I want to see the Netherlands and US numbers
Although, these stats are people who would consider giving up cars, among those who currently own one.
People who don’t need a car and already don’t have one won’t appear in these figures
If you imagine the perfect fictional country, then for that country the bar chart should theoretically be at 0% - because that would mean everyone who doesn’t need a car doesn’t have one, and anyone who does own a car needs it very strictly for jobs only a car can do, no matter how good the transport infrastructure and planning and zoning are.
NL
• definitely yes: 3 %
• probably yes: 15 %USA
• definitely yes: 11 %
• probably yes: 17 %I’m actually surprised by both country’s stats.
Me too, but it’s the percentage of those who currently own a car. I guess, in NL the percentage of people who own a car is less than e.g. in Germany.
I’m also surprised that the share in the US is quite high.
Where Germany 🇩🇪? Where my 2% non-car-brains?

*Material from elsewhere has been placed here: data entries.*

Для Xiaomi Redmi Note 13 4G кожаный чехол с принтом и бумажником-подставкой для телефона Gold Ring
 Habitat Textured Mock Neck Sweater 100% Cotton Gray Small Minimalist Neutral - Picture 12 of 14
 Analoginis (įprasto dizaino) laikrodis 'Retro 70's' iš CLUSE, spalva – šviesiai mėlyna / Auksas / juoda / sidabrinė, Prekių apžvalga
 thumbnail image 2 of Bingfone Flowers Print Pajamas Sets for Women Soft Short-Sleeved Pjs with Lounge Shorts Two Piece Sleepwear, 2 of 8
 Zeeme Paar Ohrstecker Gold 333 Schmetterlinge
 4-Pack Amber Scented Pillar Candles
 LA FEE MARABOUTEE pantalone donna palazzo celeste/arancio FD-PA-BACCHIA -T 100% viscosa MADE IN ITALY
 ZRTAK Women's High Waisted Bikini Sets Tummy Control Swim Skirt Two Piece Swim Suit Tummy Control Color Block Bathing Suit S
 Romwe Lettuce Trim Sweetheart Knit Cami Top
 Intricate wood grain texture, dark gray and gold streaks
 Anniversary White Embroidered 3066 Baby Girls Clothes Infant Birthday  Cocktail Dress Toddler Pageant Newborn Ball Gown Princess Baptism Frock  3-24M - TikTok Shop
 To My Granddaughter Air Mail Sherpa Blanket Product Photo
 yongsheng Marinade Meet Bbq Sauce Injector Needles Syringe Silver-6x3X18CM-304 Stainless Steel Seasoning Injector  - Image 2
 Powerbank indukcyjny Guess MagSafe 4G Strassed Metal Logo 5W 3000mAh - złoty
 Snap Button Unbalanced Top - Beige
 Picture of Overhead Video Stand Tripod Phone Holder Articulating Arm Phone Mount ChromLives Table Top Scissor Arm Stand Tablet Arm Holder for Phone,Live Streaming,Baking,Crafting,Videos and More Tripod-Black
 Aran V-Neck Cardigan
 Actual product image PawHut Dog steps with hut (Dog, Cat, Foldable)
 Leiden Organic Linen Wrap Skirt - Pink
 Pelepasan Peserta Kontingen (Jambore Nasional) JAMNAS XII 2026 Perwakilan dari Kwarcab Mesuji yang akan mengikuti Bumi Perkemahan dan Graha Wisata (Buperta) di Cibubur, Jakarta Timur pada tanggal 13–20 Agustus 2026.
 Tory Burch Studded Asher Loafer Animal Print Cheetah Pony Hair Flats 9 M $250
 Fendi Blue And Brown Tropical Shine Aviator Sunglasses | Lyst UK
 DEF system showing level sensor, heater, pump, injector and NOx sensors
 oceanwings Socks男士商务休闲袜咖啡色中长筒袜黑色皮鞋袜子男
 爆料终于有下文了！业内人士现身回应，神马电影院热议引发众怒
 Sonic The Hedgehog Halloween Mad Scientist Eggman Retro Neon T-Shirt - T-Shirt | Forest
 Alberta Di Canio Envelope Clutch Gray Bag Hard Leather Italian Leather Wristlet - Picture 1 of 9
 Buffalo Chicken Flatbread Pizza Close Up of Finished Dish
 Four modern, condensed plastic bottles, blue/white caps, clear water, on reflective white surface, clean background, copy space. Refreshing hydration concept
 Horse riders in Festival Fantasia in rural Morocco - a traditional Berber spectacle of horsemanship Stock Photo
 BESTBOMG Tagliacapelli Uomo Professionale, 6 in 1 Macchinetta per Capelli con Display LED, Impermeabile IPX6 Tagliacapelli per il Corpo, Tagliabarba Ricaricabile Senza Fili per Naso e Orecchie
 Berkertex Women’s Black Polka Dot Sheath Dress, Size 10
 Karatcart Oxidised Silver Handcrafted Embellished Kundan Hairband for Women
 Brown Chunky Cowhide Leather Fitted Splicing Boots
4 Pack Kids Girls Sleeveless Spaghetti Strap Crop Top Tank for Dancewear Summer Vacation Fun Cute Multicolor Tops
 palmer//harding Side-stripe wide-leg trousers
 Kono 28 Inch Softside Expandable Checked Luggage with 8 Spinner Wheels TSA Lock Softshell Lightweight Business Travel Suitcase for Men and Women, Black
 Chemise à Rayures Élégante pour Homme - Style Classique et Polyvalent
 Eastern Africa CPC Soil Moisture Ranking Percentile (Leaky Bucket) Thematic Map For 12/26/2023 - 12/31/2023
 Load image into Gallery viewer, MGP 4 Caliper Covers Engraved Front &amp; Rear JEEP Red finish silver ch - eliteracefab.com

The data is from this (the link is in the source) survey.
Germany:
• definitely yes: 14 %
• probably yes: 17 %
“Would” if what?
Seems like they just asked people “Would you be willing to give up owning a car for good?” and then people got to respond with:
- Yes, definitely
- Yes, probably
- No, probably not
- No, definitely not
It’s described in the report on pages 19, 20 and 150.
France? That’s surprising.
Not really. It’s a relatively large, relatively rural country.
By European standards maybe. But not compared to many countries across the world. I’m shocked the US, Canada, and Australia are not higher for example but there are others as well.
Amazing that they use PROBABLY as a defining factor…
The main thing is that transport is used, if its there, so its no surprise that people who don’t want to drive have to, because the infrastructure isn’t there. Compounding that people need transport that will take them everywhere, so most people drive.
What’s up with the blank column space in the middle?
The five on the left are where cars are most dispensable, and the five on the right are where cars are least dispensable.